No pude dormir, pero eso me evitó los sueños desagradables. Bebí, fumé e intenté descifrar distraídamente el techo de la habitación. Cuando se llenó el cenicero que había junto a la cama, lo llevé al cuarto de baño para vaciarlo y, por pura rutina, lo limpié. Era un bloque de barro esmaltado, informe como una roca, con una concavidad lisa y poco profunda en el centro. En el momento en el que eliminé la ceniza apelmazada, surgió a la vista un perfil femenino, un rostro altivo y orgulloso modelado en el barro, del que irradiaba una cascada de cabellos en desorden, como si la figura se irguiese en medio de un viento cósmico. Al fijarme mejor, percibí lo que parecía ser un corro de espectadores, una serie de ojos tallados sutilmente en todo el borde de la concavidad, que admiraban la cara de la mujer con una lujuria próxima al odio. Reparé entonces en el esbelto jarro de cerámica de la repisa del lavabo, que contenía un ramillete de flores secas, y en la colección de rostros de mujer que salpicaban su superficie, con las manos sobre los ojos y unas largas y despeinadas melenas desparramadas en torno a los hombros. Deduje que ambas piezas eran obras de Melinda, una mujer de rasgos comunes que comprendía la maldición de la belleza, y me sentí impresionado. El cenicero era compacto como una piedra, el jarro tan liviano como si lo hubiera modelado a partir del aire, y las caras femeninas más delicadas de lo que sería capaz de expresar.

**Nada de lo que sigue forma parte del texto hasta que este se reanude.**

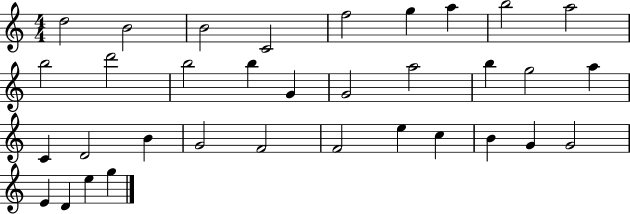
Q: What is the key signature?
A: C major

Habitualmente, en las escapadas al baño de mis noches insomnes, tenía la necesidad de echar una larga mirada a mi propia y maltrecha cara, desfigurada por el whisky, e inspeccionarla en busca de algún atisbo de cómo podría haber sido de no pesar sobre ella tantos años desperdiciados, tantos bares y vida noctámbula. Pero hoy me limité a pasear el pulgar sobre los rostros apresados bajo la dorada y traslúcida capa de esmalte, sobre aquellas mujeres sollozantes, y no me quedó ninguna lástima para mí mismo.
Tomada ya una determinación, fui hasta la cama para dormir primero y, después, ponerme en pie y hacer lo que sabía que era mi deber: pagar mi deuda con las mujeres.